連載「相撲こそわが人生~スー女の観戦記」でおなじみのライター・しろぼしマーサさんは、企業向けの業界新聞社で記者として38年間勤務しながら家族の看護・介護を務めてきました。その辛い時期、心の支えになったのが大相撲観戦だったと言います。家族を見送った今、70代一人暮らしの日々を綴ります
自慢話の独演会にうんざりした2人
デパートのレストラン街のトイレでのことである。大きな鏡の前で自分の顔を見て、今後、もっと老化するぞと思った。蓄えに余裕のある高齢の友人たちは、年齢に関係なく、シミ取りやシワ取りなど美顔にいそしんでいる。父の借金返済と介護、母と兄の介護に全員が亡くなるまで金銭をつぎ込んだ私は、経済的な余裕がない。だが、家族の介護に対する後悔はないのだ。
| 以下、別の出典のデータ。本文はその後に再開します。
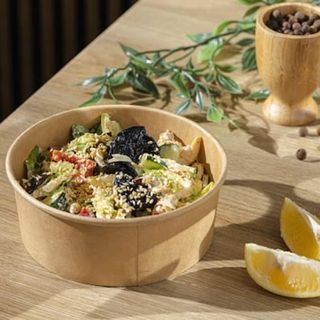  ქათმის სალათი ქლიავის ჩირით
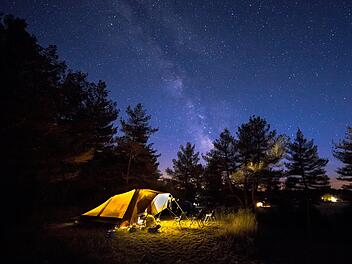 Familienzelt mit starren Stahlstangen auf Campingplatz unter Sternenhimmel mit Milchstra&szlig;e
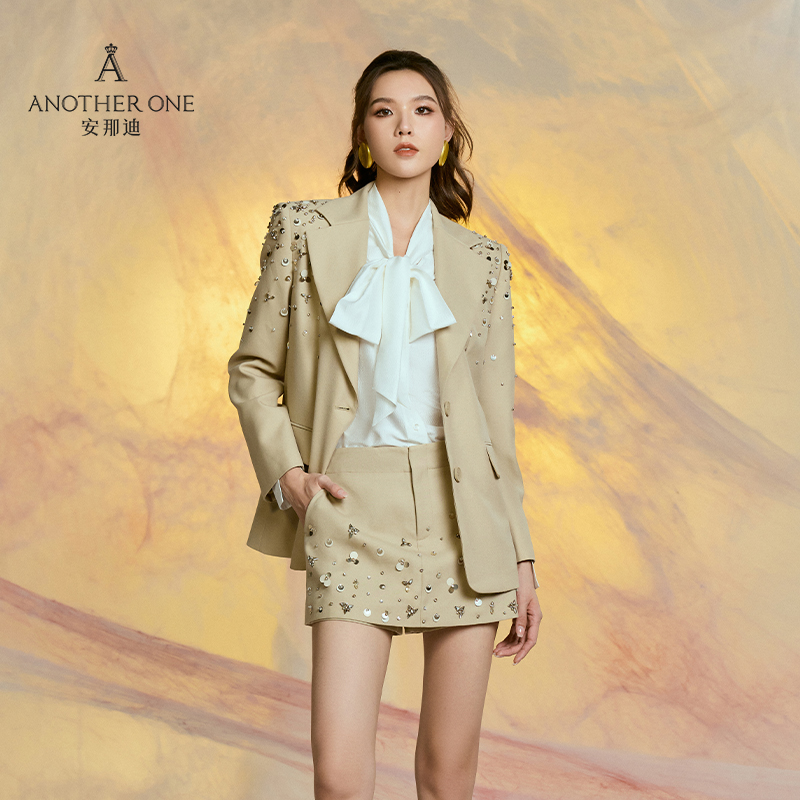 ANOTHER ONE安那迪名媛风重工亮片半身裙高级感包臀A字短款裤裙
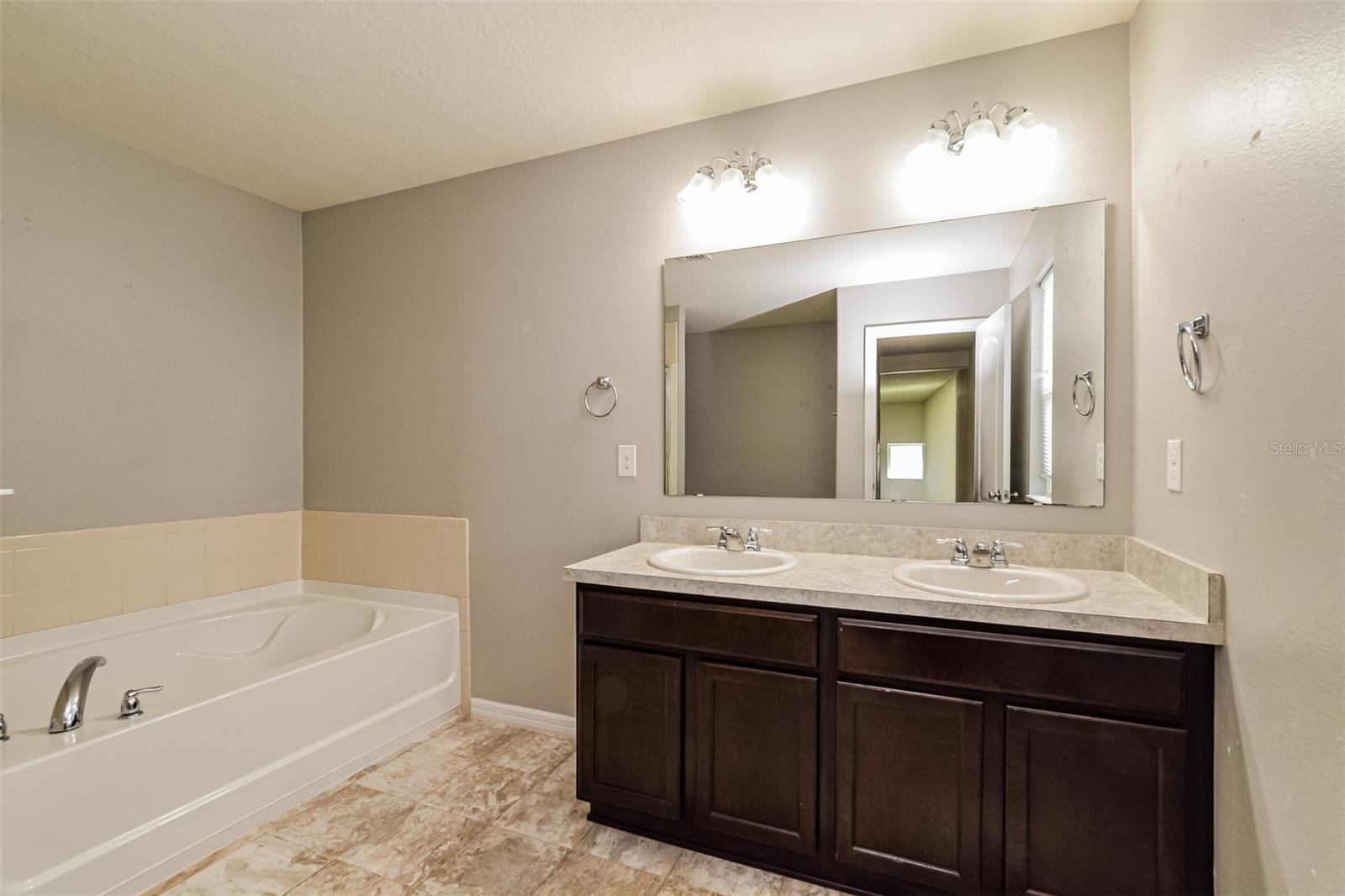 Image 16 of 33 For 6377 Domenico Court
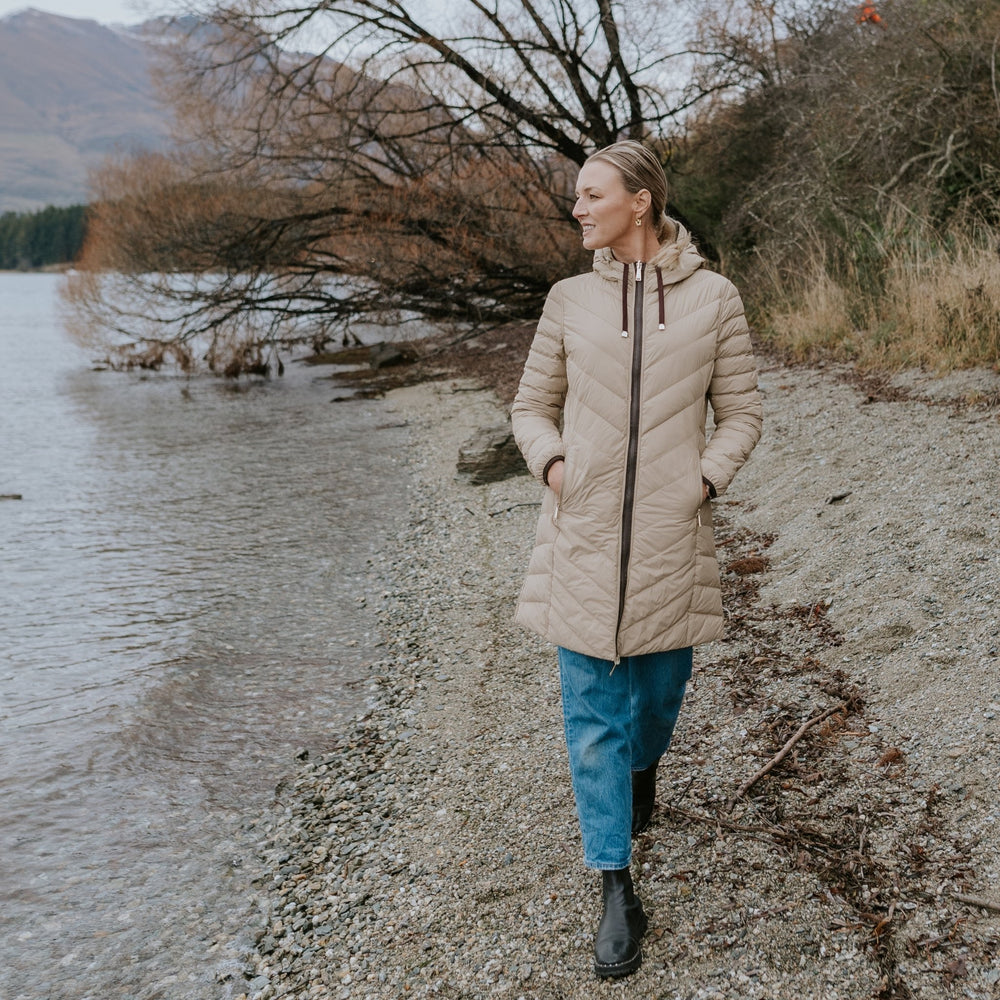 Moke | Arnie Reversible Coat - Chocolate/Palomino - Reversed Out
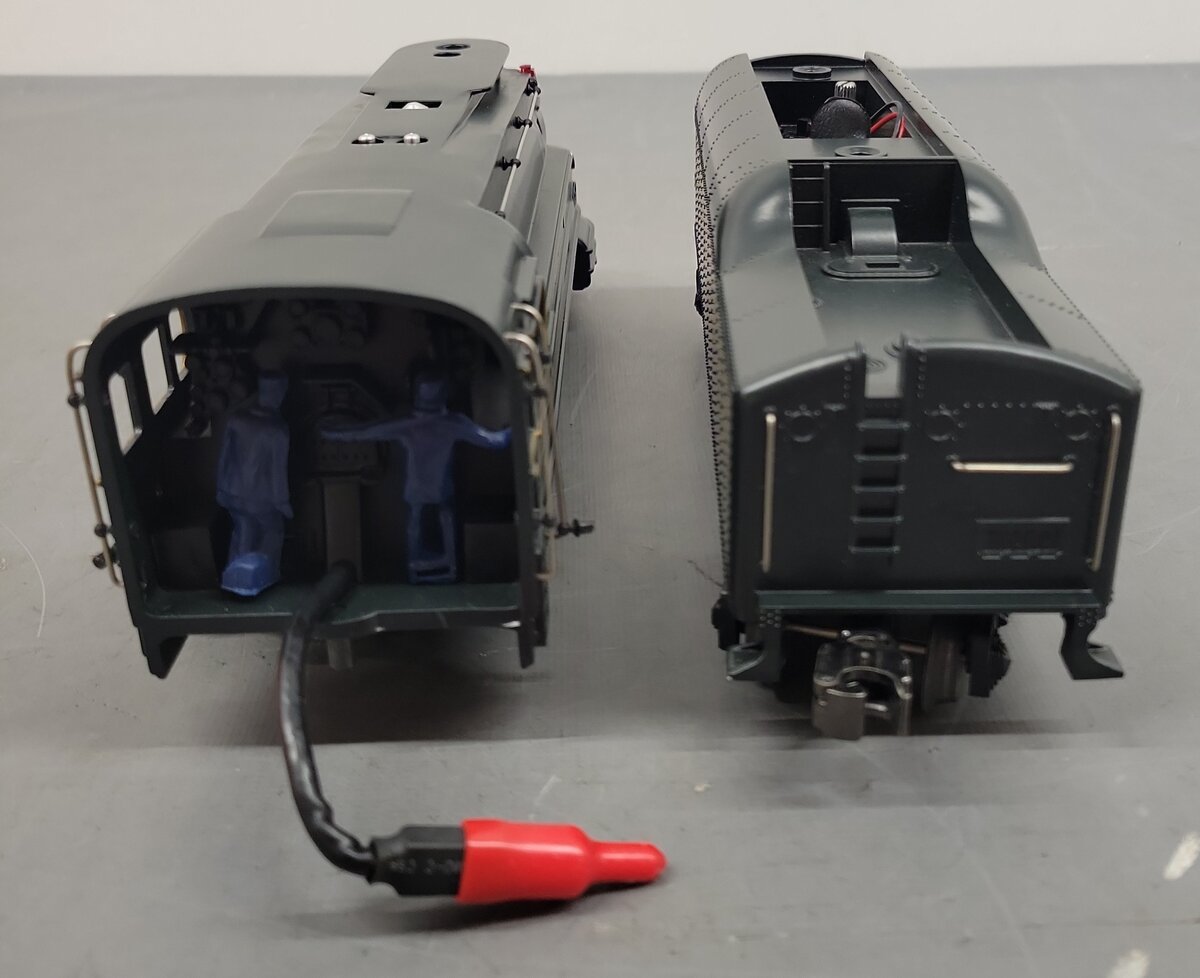 Lionel 6-18052 O Gauge Pennsylvania K-4 Torpedo Steam Locomotive & Tender #238E EX/Box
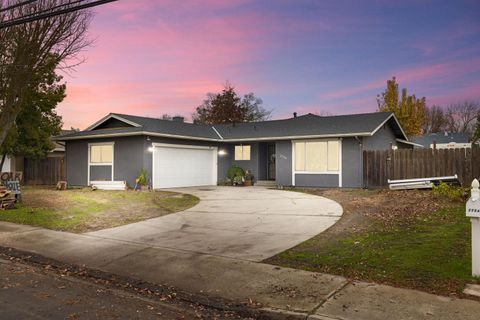 2724 E Orangeburg Avenue, Modesto, CA 95355 - MLS#: 225023582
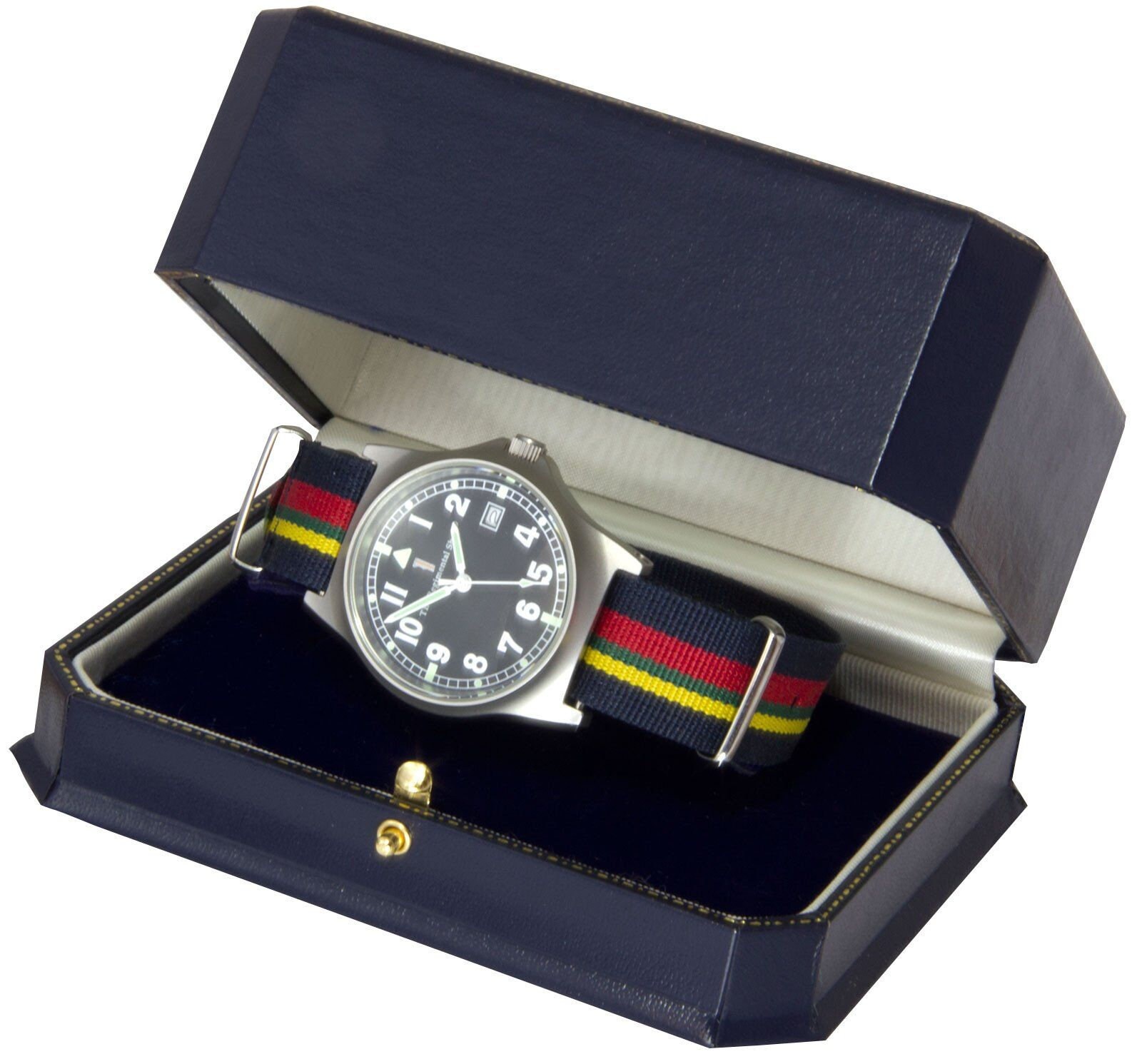 Marine military watch new arrivals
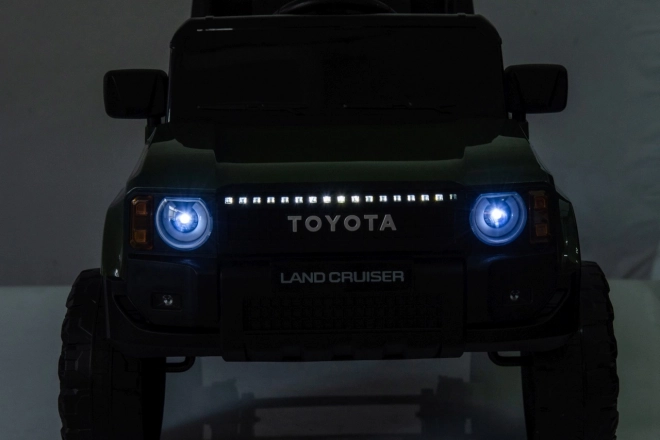 Elektrický vůz Toyota Land Cruiser Prado zelený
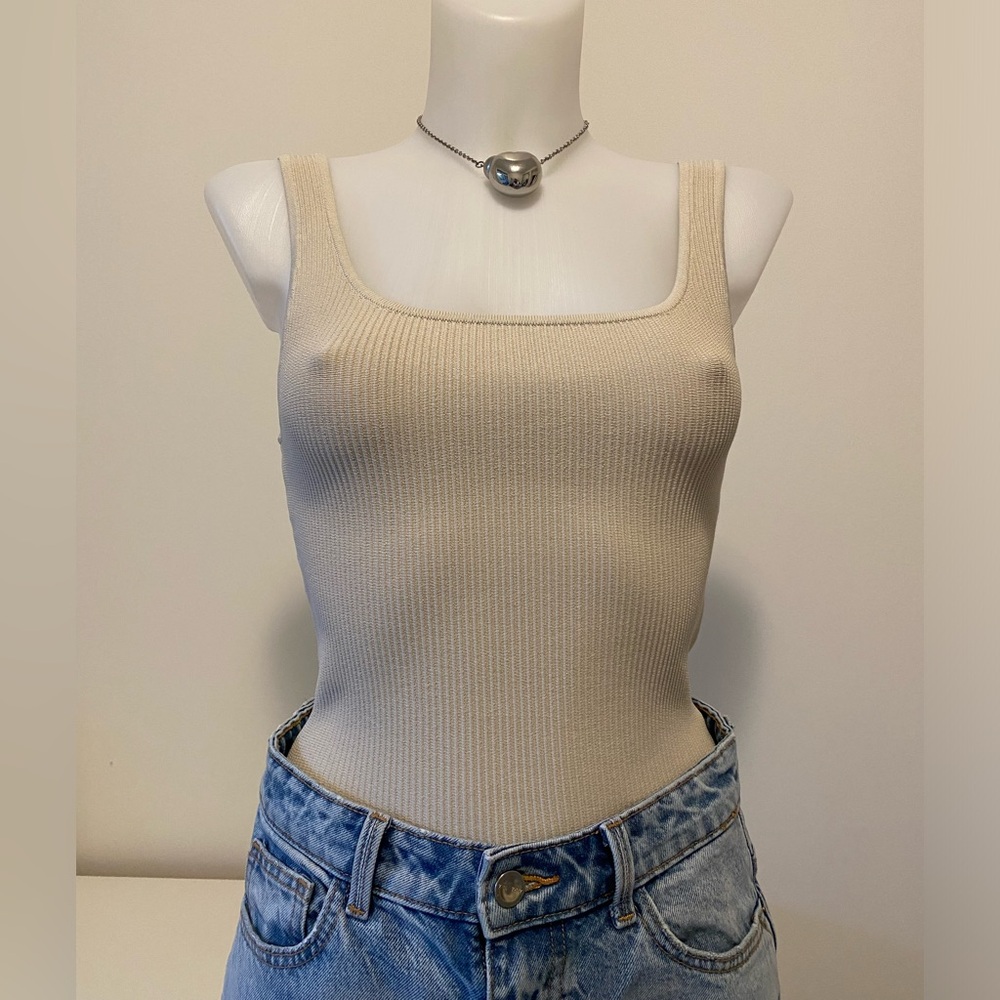 Aritzia Babaton Sculp Knit Square Neck Size Medium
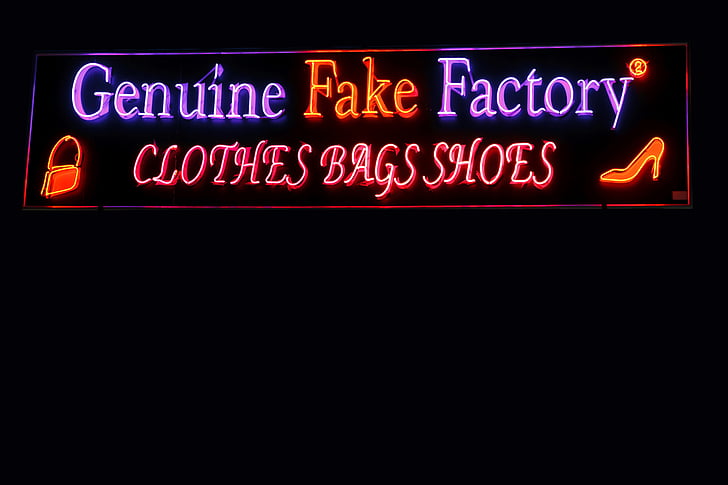 äkta, Fake, Factory, Shop, kläder, väskor, skor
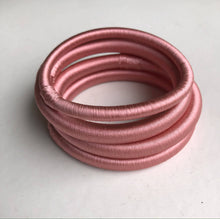 Lade das Bild in den Galerie-Viewer, Uni Silk Bangle - Fuchsia
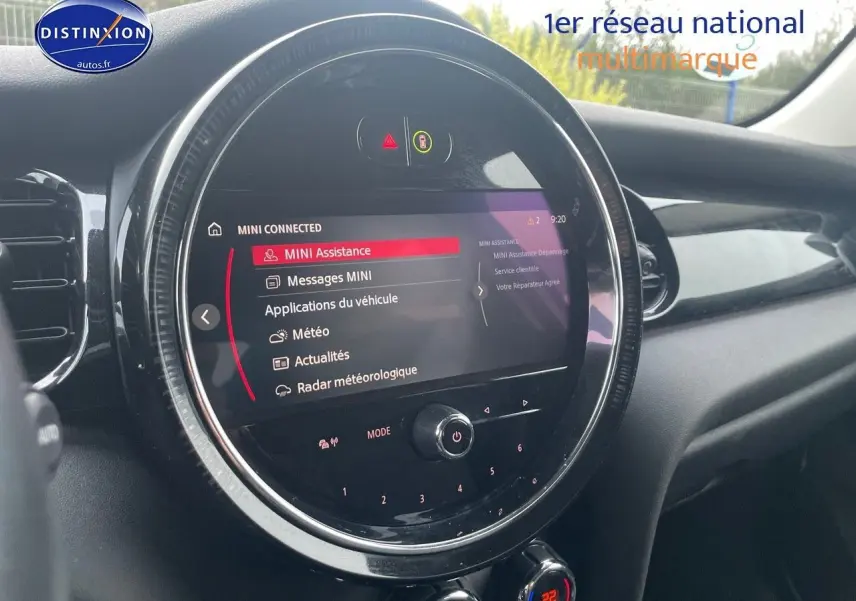 Vue rapprochée de l'écran central tactile du tableau de bord d'une MINI blanche nacrée 2023 affichant le menu MINI Connected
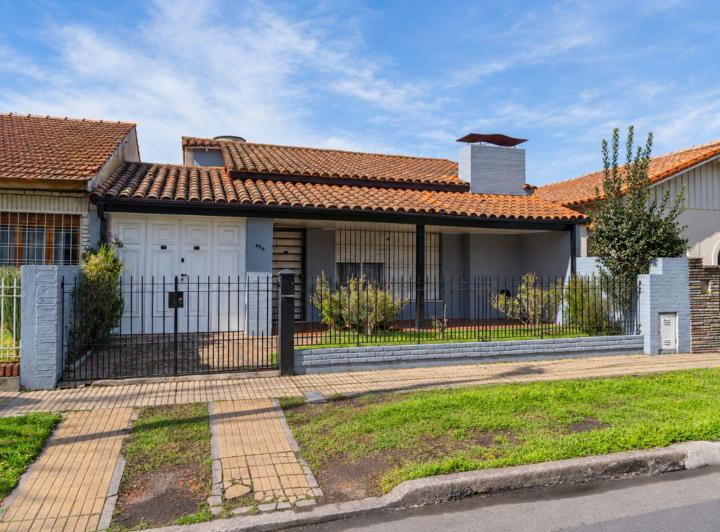 Casa · 169m² · 5 Ambientes · 1 Cochera
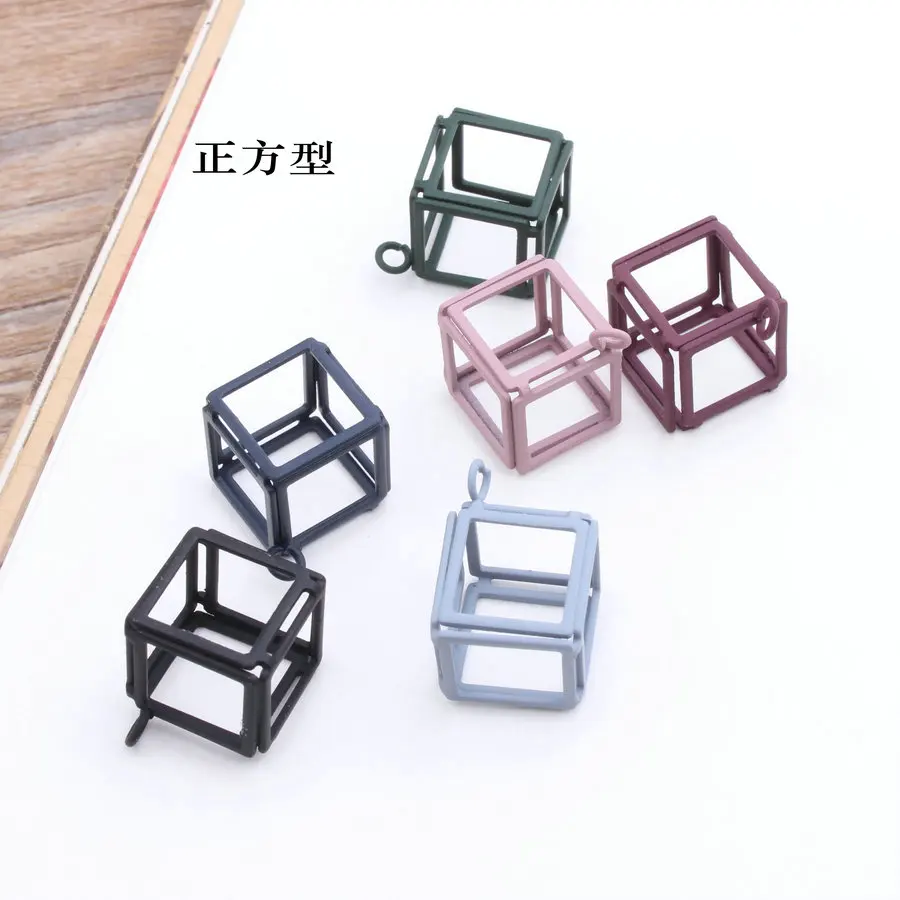 Wholesale 50pcs/lot Colorful Alloy Spray painting Hollow 3D Square Shape Metal Charms Diy Jewelry Necklace Pendants Accessory
Wholesale 50pcs/lot Colorful Alloy Spray painting Hollow 3D Square Shape Metal Charms Diy Jewelry Necklace Pendants Accessory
そして、顔の筋肉は衰えても、好奇心だけは衰えを知らない。トイレの個室から出てきた60代と見える2人が、手を洗いながら話していることに興味をもち、その場にいた。
「レストランに戻りたくない。このまま帰りたい。自分が惨めになるわ」
「同感。彼女の自慢話の独演会ね。親の遺産で家をリフォーム。金持ちの友人と2人で海外旅行。旦那は一流企業の重役、息子もエリート社員で嫁と孫はなにかと気を使ってくれる」
「あなたと家が近いから時々会っているなんて、同窓会で話してしまい、ごめんね」
「また食事に誘ってきたら、パートの仕事があるとか、家族が病気とか言って断ろうよ」
2人は、厳しい顔をしてトイレを出ていった。
私は70代に突入するまで、他人の自慢話をいろいろ聞いてきた。それが見栄で嘘だと知ったこともある。また、本人は自慢のつもりでなくても、聞いている人には自慢話になってしまう場合がある。